#InsTag: Instruction Tagging for Analyzing Supervised Fine-tuning of Large Language Models
This work addresses the need for better understanding and optimizing SFT datasets for large language models, which is crucial for researchers and practitioners aiming to enhance instruction-following capabilities, though it is incremental as it builds on existing SFT methods.
The authors tackled the problem of analyzing and improving supervised fine-tuning (SFT) datasets for large language models by proposing InsTag, a method to tag instruction samples based on semantics and intentions, which they used to define and quantify diversity and complexity. They found that model ability improves with more diverse and complex data, and by selecting 6K such samples, their resulting models outperformed open-source models on MT-Bench, demonstrating the importance of these factors.

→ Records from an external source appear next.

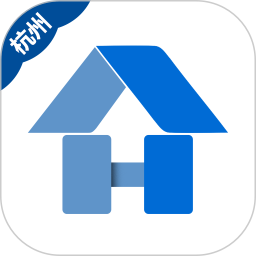 杭州市住房租赁监管服务平台app  1.4.90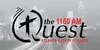 AM 1160 The Quest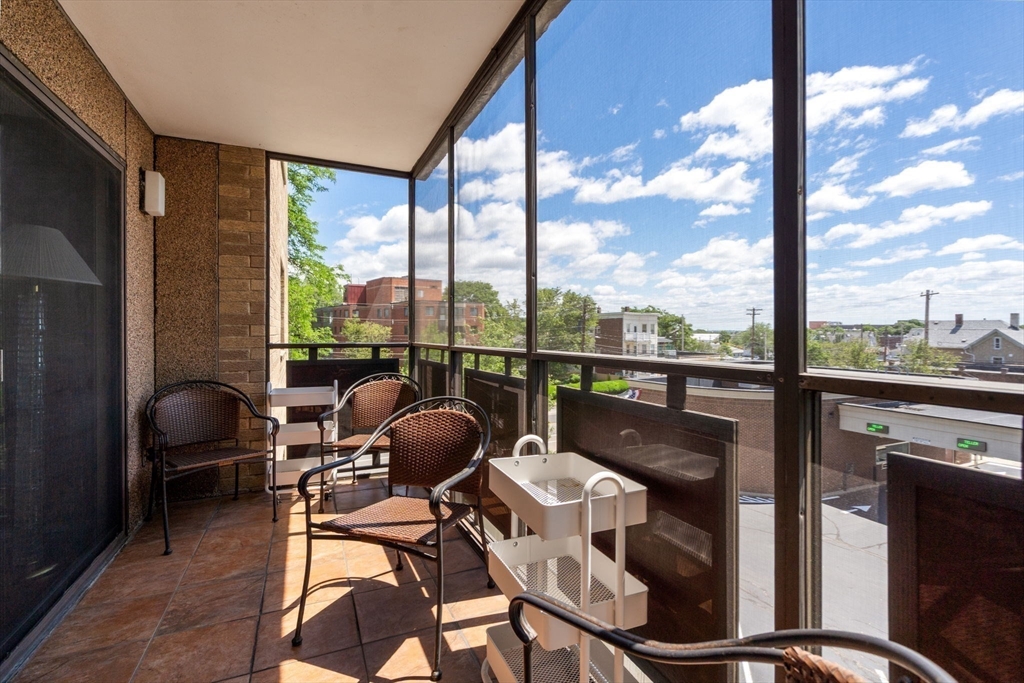 990 Massachusetts Avenue # A37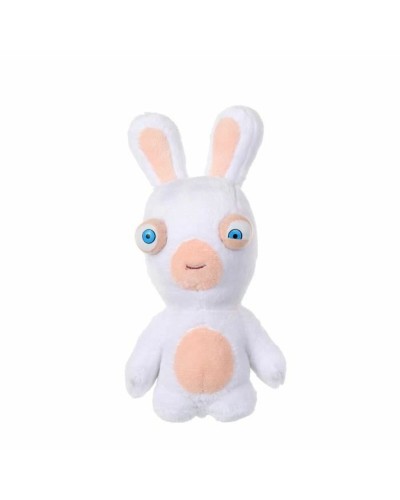 Mjukisleksak Gipsy Toys Rayman Rabbids Bean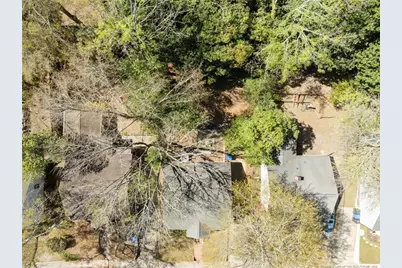 705 Greenland Drive, Fayetteville, NC 28305 - Photo 34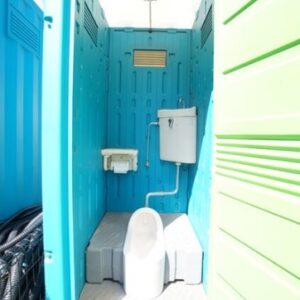 神奈川県相模原市緑区田名2251-2 32.1坪 貸倉庫・貸工場|L-Net(エルネット) 画像4 神奈川県相模原市緑区田名2251-2 32.1坪 貸倉庫・貸工場|L-Net(エルネット) 画像4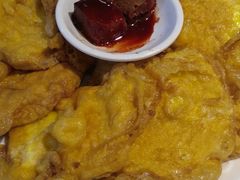 -京门活鱼馆·鱼火锅(百子湾（原红庙）店)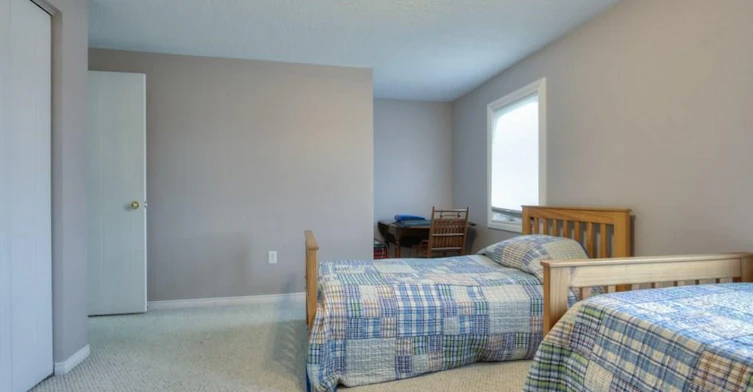 59 King William Court, Cambridge, ON, N3C 4J2 - 23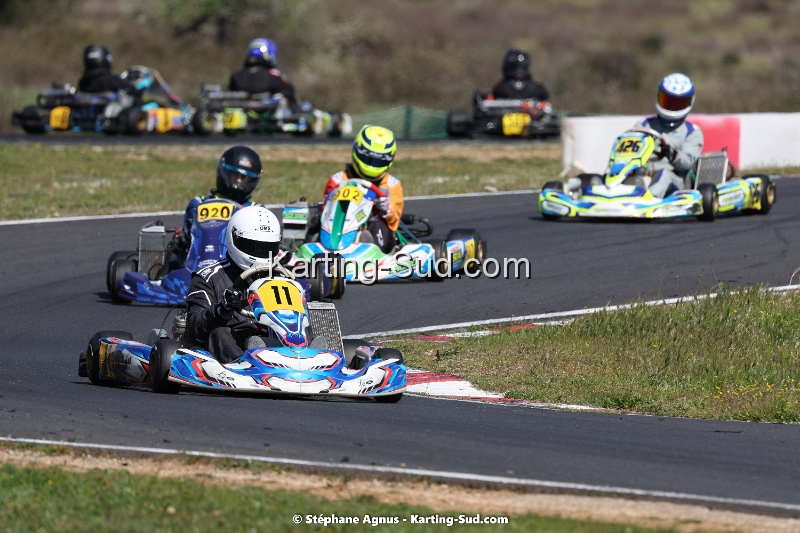 Karting-Sud-2J4A3966.jpg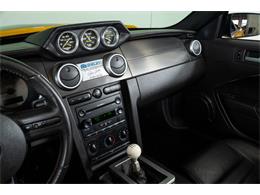 2007 Ford Mustang Shelby Super Snake (CC-1696590) for sale in St. Charles, Missouri
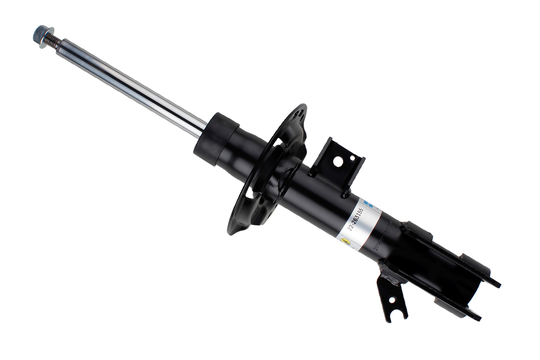 Iskunvaimennin BILSTEIN 22-263155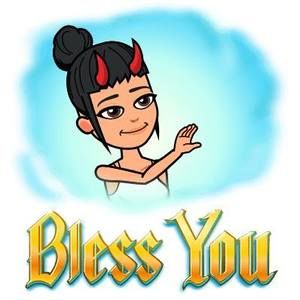 Meet your Posher, Yulisa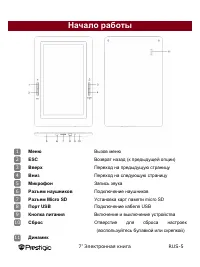 Страница 5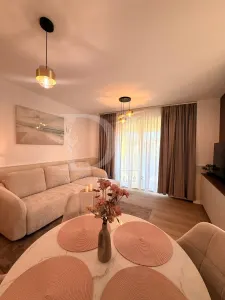 Apartament a cheie / trei camere / Zona Tineretului - foto 4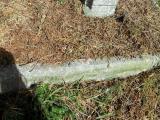 image of grave number 292465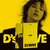 daesung-d-s-wave-yellow-cover-mkpop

Foundation language models obtain the instruction-following ability through supervised fine-tuning (SFT). Diversity and complexity are considered critical factors of a successful SFT dataset, while their definitions remain obscure and lack quantitative analyses. In this work, we propose InsTag, an open-set fine-grained tagger, to tag samples within SFT datasets based on semantics and intentions and define instruction diversity and complexity regarding tags. We obtain 6.6K tags to describe comprehensive user queries. Then we analyze popular open-sourced SFT datasets and find that the model ability grows with more diverse and complex data. Based on this observation, we propose a data selector based on InsTag to select 6K diverse and complex samples from open-source datasets and fine-tune models on InsTag-selected data. The resulting models, TagLM, outperform open-source models based on considerably larger SFT data evaluated by MT-Bench, echoing the importance of query diversity and complexity. We open-source InsTag in https://github.com/OFA-Sys/InsTag.